Covers and originals aren’t mutually exclusive.
“Somebody That I Used to Know” may be their most successful cover, but Walk Off the Earth had put up videos covering songs by The Gregory Brothers, Adele, and even Eminem well before they got around to Gotye. Taylor calls guitarist Gianni Luminati the “driving force” behind the clips: “He’s just that guy,” he says, shrugging. The band likes to put a different spin on the material they post on YouTube. See, for example, their a capella version of Taylor Swift’s “I Knew You Were Trouble,” or their performance of “Little Boxes,” the theme song to the TV show Weeds, on a set made entirely of cardboard. “If you put up a song that somebody knows and loves, you have a better chance of them discovering your band than if you just continue to put up songs that nobody’s going to know anything about,” Blackwood says. “Plus, we like really awesome songs and sometimes those awesome songs are written by other people.” Taylor insists the hyped-up covers aren’t the only songs that appeal to fans. “When we play shows, they’re singing along with our originals just as much as any of the covers we mix into our set. The only people who really seem to talk about it have been the media. No offence.” None taken.

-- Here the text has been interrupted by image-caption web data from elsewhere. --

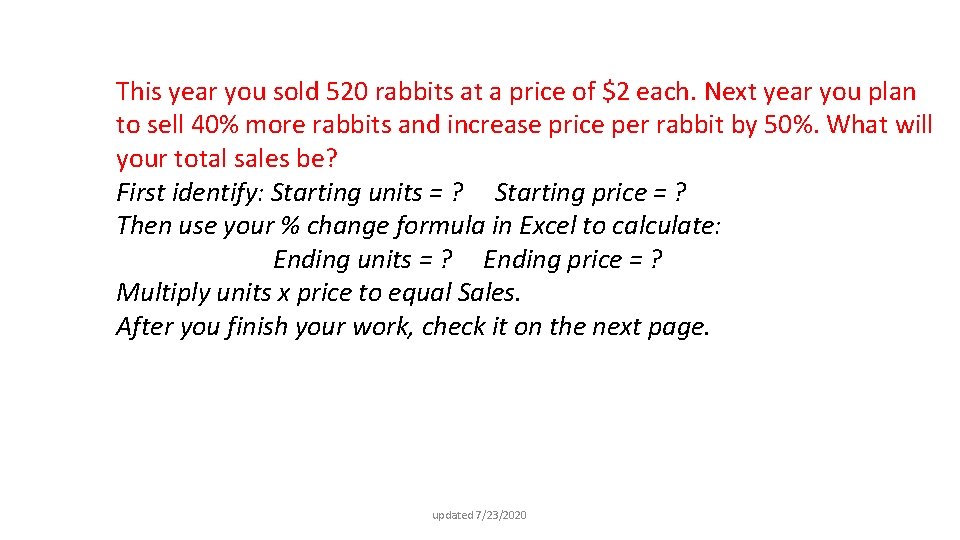 This year you sold 520 rabbits at a price of $2 each. Next year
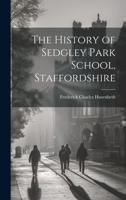 The History of Sedgley Park School, Staffordshire 1022095285 Book Cover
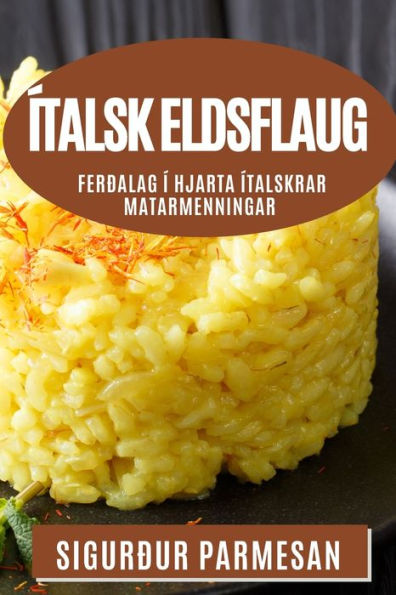 Ítalsk Eldsflaug: Ferðalag Í Hjarta Ítalskrar Matarmenningar (Icelandic Edition)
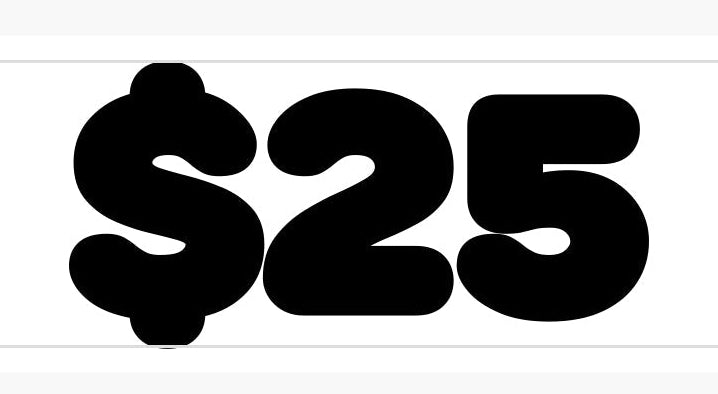 $25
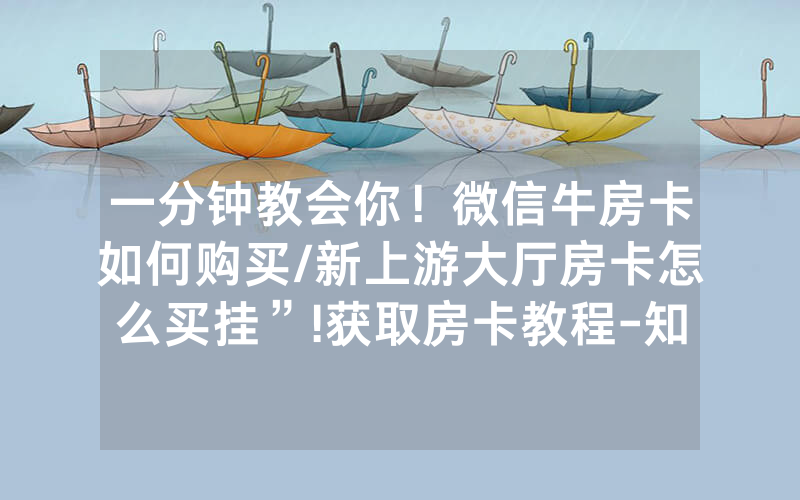 一分钟教会你！微信牛房卡如何购买/新上游大厅房卡怎么买挂”!获取房卡教程-知乎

They just might be the solution to the music industry’s woes.
R.E.V.O. was already in the works when Walk Off the Earth filmed “Somebody That I Used to Know.” “Everything that happened around that time was just the perfect storm,” Taylor says. After the Gotye video exploded online—and after the band appeared on Ellen in January 2012, performing the song on one guitar and receiving five shiny new Fenders in return—Walk Off the Earth signed with Columbia Records. They insist that their move to a major label hasn’t changed much about the way they approach music-making. “We’ve all been in bands for so long and we’ve seen things that work and things that don’t work,” Blackwood says. “I was doing more traditional stuff, touring full-time with a band, and Gianni would always be like, ‘You don’t need to tour that much anymore. We’ll make videos and the whole world will see us and it’ll be great.’” Now that that model has proved successful, Walk Off the Earth is trying to negotiate their own kind of distribution model, a hybrid of old and new. “It hasn’t been, like, all of a sudden we’re signed to this label and now we have to tour and put out a record,” says Blackwood. “We can play a show live on the internet for as many people across the world as we want, or we can go on tour for three weeks and reach 60,000 people.”
Walk Off the Earth play the Danforth Music Hall (147 Danforth Ave.) on April 12.